Www.llcp.co.uk is the web site


----------



## Boff (May 10, 2005)

Hi, 

it is a while ago, was back in September 2007: But after a day at Blists Hill museum we spent a nice and quiet "wild" night on Ironbridge car park: 52.62634,-2.48322

Best Regards,
Gerhard


----------



## bertieburstner (May 1, 2005)

there's a nice Caravan Club site at Much Wenlock. It's an old railway station. It's one of their £11 (or maybe now £12) a night sites, hook up but no toilet block


----------



## Stanner (Aug 17, 2006)

Boff said:


> Hi,
> 
> it is a while ago, was back in September 2007: But after a day at Blists Hill museum we spent a nice and quiet "wild" night on Ironbridge car park: 52.62634,-2.48322
> 
> ...


It is now "pay and display" and this is stated 


> There are no dedicated parking spaces for motorhomes however all the car parks within Telford & Wrekin are there for motorhome owners to utilise, though if a vehicle takes up more than one parking bay then Pay & Display tickets must be purchased for each bay and car park rules must be adhered to. We have coach bays in Ironbridge which can also be used for motorhome parking. Please note that overnight parking also is not permitted in any Council car parks.


Here.....
http://www.telford.gov.uk/info/200072/parking/1079/parking_information

Whether that restriction can be enforced is unclear.


----------



## GEMMY (Jun 19, 2006)

"Whether that restriction can be enforced is unclear."
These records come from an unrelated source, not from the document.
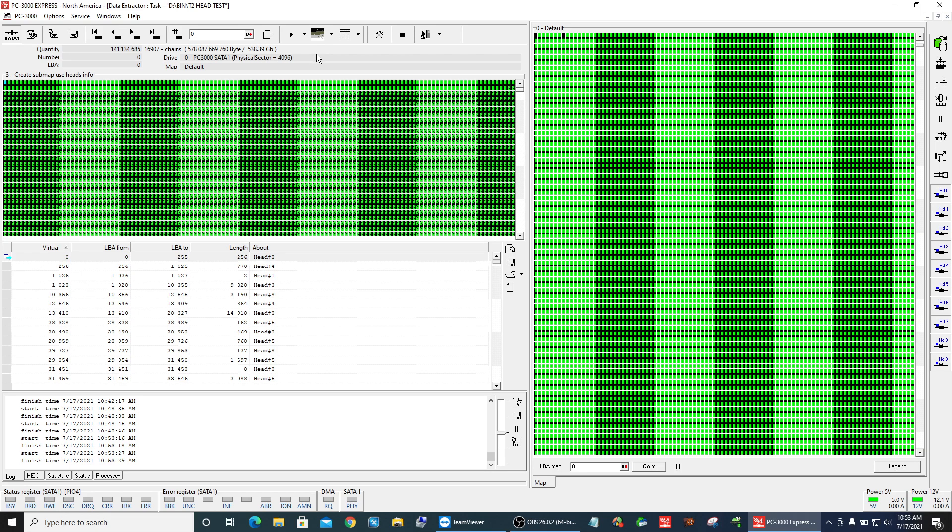Anyway, so if you have a T2 and you can't read the file table or you can't read the bitmap, then you can use T2 to maybe image some data. So anyway, I hope that helps you.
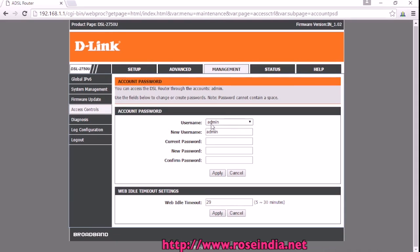User name is admin. You have to enter the previous password, then new password and the confirm password, then just apply.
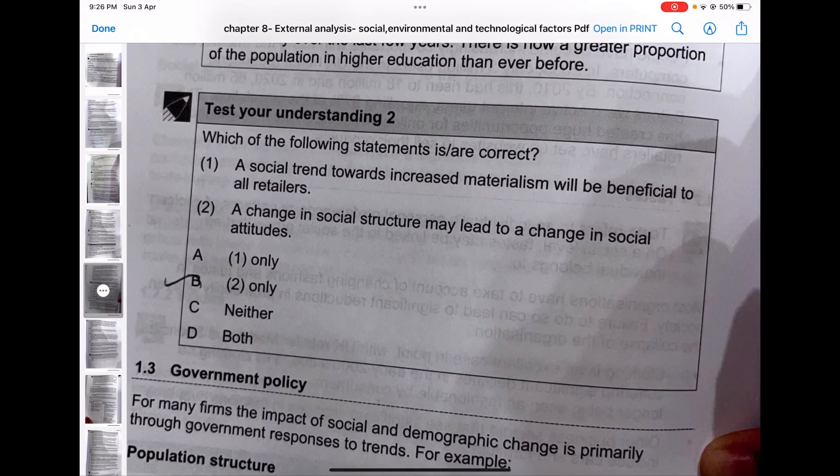Test your understanding: which of the following statements is incorrect? A — a social trend towards increased materialism will be beneficial to all retailers. That is not true; it is not beneficial to all retailers. B — a change in social structure may lead to a change in social attitudes. That is correct. So the answer is B only — statement A is incorrect.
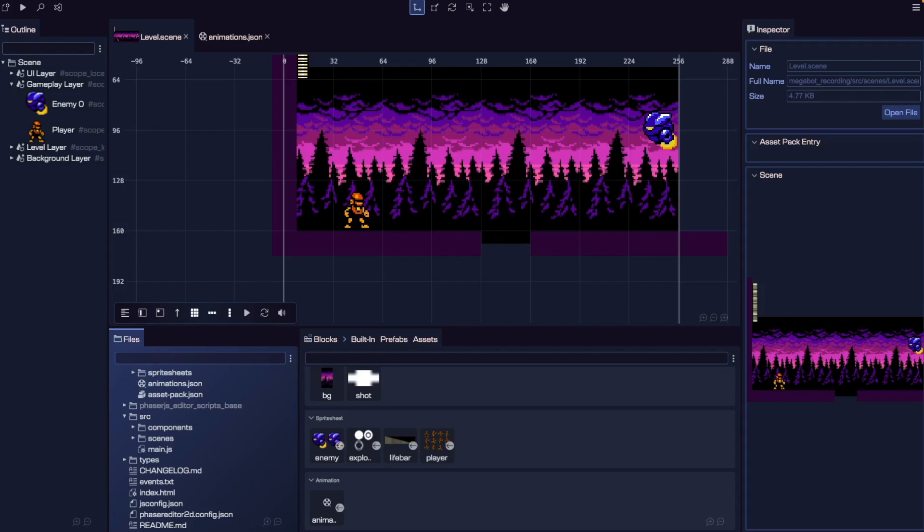Hey everyone! In this video, we're going to add a player character to our Phaser Editor V4 game and get them moving with some basic controls. We'll cover creating a player prefab, updating our sprite to use animations, enabling arcade physics with gravity and collisions, writing a simple script for movement, and finally some quick tips on debugging issues. Let's jump right in.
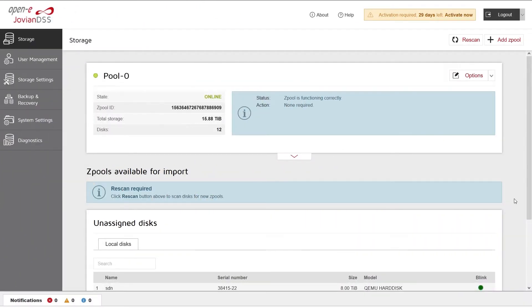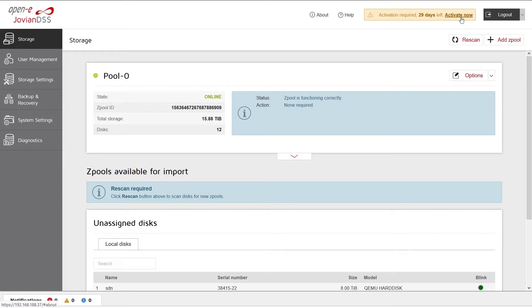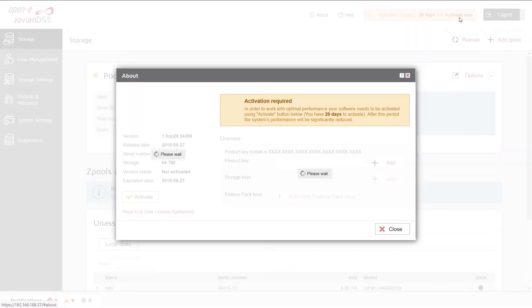You can choose between an online or an offline activation. Click Activate Now to start the activation process.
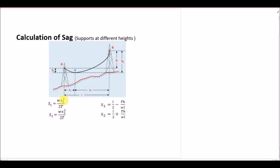If we have to find the lowest point of the conductor from tower A, it is at distance x1, and from tower B it is at distance x2. Here w is the weight per unit length, x1 is the distance of tower A from the lowest point of the conductor, and x2 is the distance from tower B to the lowest point of the conductor.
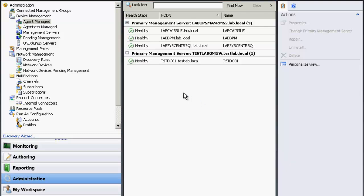And there we go. So now we have a healthy server being monitored in a disjoined or untrusted domain.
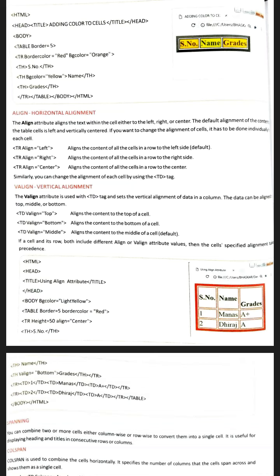The next attribute of the table tag is 'align'. The align attribute is used to set the values of the table to left, right, or center. This attribute is used to set the alignment horizontally. We can set the alignment vertically also for aligning the data vertically.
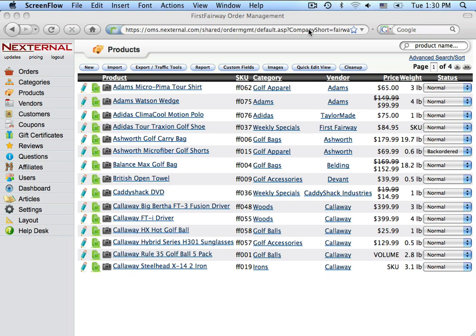This means that if you add 100 new products to your Nexternal storefront one day, they will automatically be on Google-based the next.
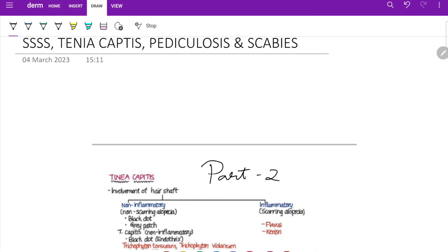This completes the second part where we covered four important topics: SSSS, tinea capitis, pediculosis, and scabies. Next, I am going to discuss the very important topic — psoriasis — and also cover lichen planus in the next session.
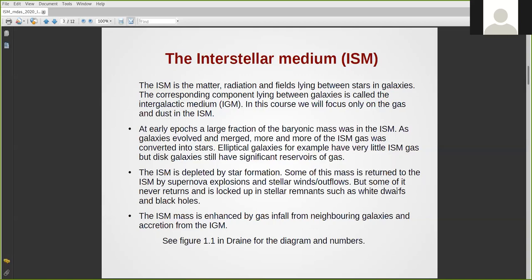The ISM is depleted by star formation, which eats up the mass, reprocesses it, and gives out metals. In the process, it has supernova explosions and stellar winds and stellar outflows. In this way, the matter in the interstellar medium is processed, and finally it ends up as white dwarfs, neutron stars, and black holes. A lot of it goes back through supernova explosions and stellar winds. The interstellar medium is replenished through gas inflow from interactions with other galaxies and from the cosmic web or intergalactic medium, the IGM.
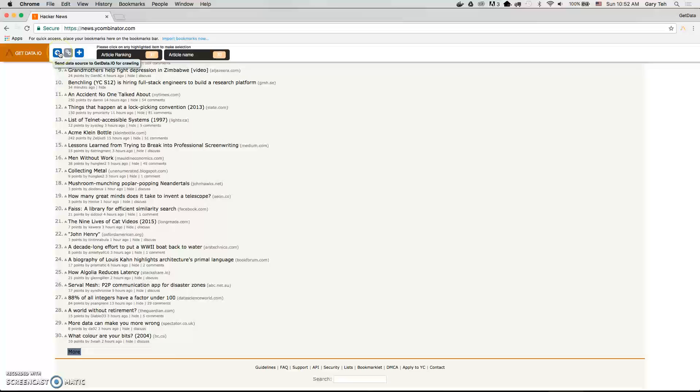Once you're done, just click send data source to get data for crawling.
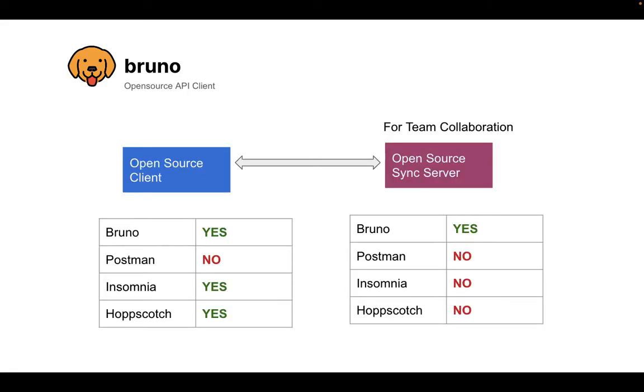Let me show you this picture. So this is the state of the current ecosystem. We have Insomnia and Hopscotch. These are the two popular open source clients. But both of them do not have their sync server, which is open source.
jobsworths few and far between round here. :lol: 

tony


----------



## H1-GBV (Feb 28, 2006)

Just the other side of the river is a sheepish hill with a tight bend. Lorries hurtle round the bend, crossing to the wrong side of the road, then slam on the brakes. It scared the life out of me and I reversed into a car behind me!

Take care and enjoy your trip - Gordon


----------



## GEMMY (Jun 19, 2006)

Wimp :lol: I live here.

tony :lol:


----------



## Cazzie (Feb 13, 2009)

I was born in Ironbridge. Must take a trip down memory lane one of these days.
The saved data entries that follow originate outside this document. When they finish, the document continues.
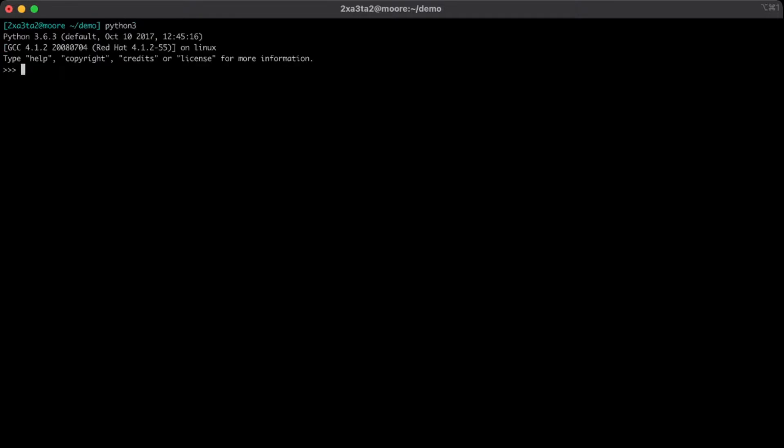So what might this look like in Python? Let's load up the Python shell and we'll declare a string. It's just sample string, and we know the length of the string is the length of string one.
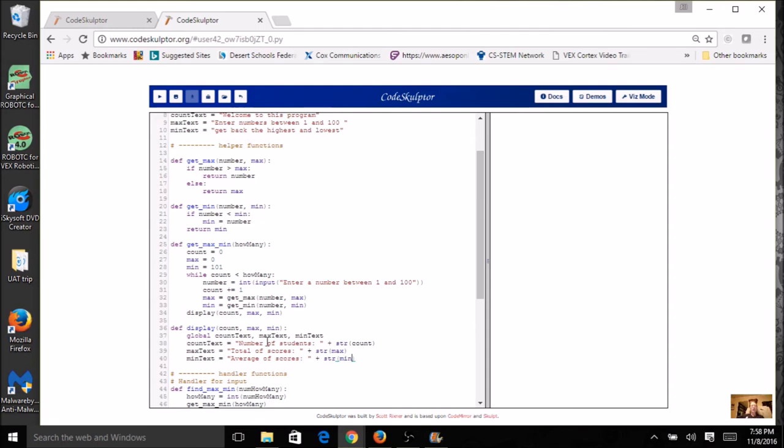We need to change the literal. So like instead of number of students, I could say how many numbers were entered. And I could say the highest number and the lowest number.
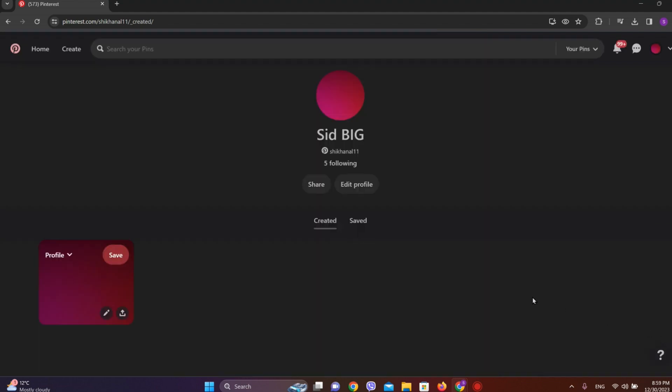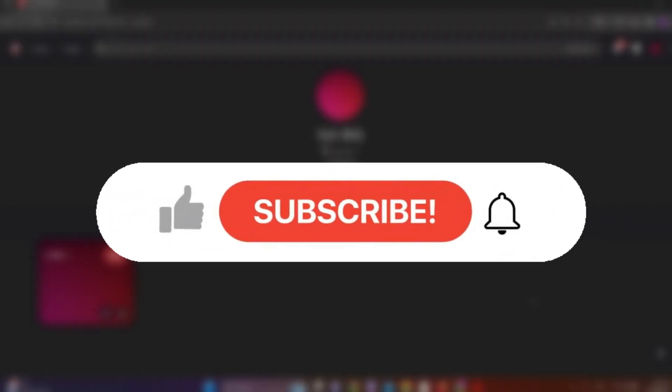So it's done. This is all we can do to add hashtags on Pinterest posts. I hope you liked the video. Please do like and subscribe. Thanks for watching.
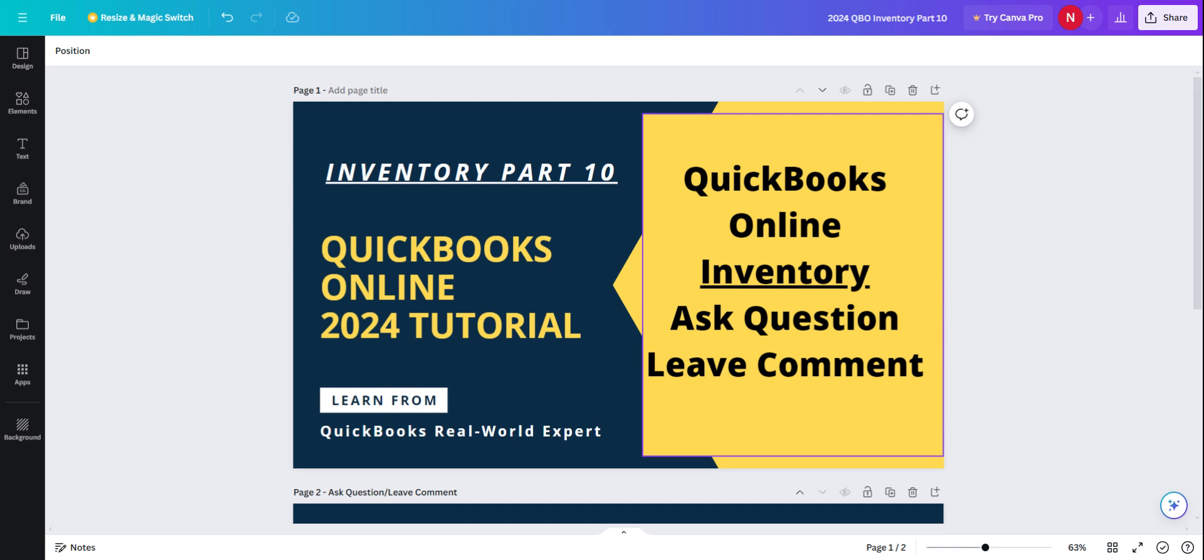QuickBooks Online is a basic inventory system. It's very simple—basically an in-and-out type. As long as you keep the purchases correct for what comes in and the sales correct for what goes out, the balance should be accurate.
If I say I was born in Paradise Gemmy will probably know where I mean.

Just hope I don't die in Hell!    

Cazzie


----------



## GEMMY (Jun 19, 2006)

Good luck parking a m/home in your paradise ...........no chance  

tony


----------



## pomme1 (May 19, 2005)

H1-GBV

Yes, I guess that coming from Norfolk, you must have noticed the contrast.

Roger

PS, for anyone new to the area, do not even think about crossing the river at Coalport. Very solid 2m height barriers and narrow as well.


----------



## GEMMY (Jun 19, 2006)

Pomme, are you local to the area

tony


----------



## pomme1 (May 19, 2005)

Tony,

Near Bridgnorth, but know Ironbridge well. I even have to duck if I'm coming across Coalport bridge on my bike!

Roger


----------



## GEMMY (Jun 19, 2006)

The answer is........................don't use the Coalport bridge  

tony


----------



## Spiritofherald (May 18, 2012)

There's an overspill car park a few hundred yards beyond the Blists Hill entrance, on the right heading towards Ironbridge. It's more of dirt patch than a proper car park so could be okay for wild camping, and as there is no housing close by I would be surprised if anyone moved you on. 

I have never seen this car park being used other than when I used it a couple of times for a classic car rally rendezvous point.


----------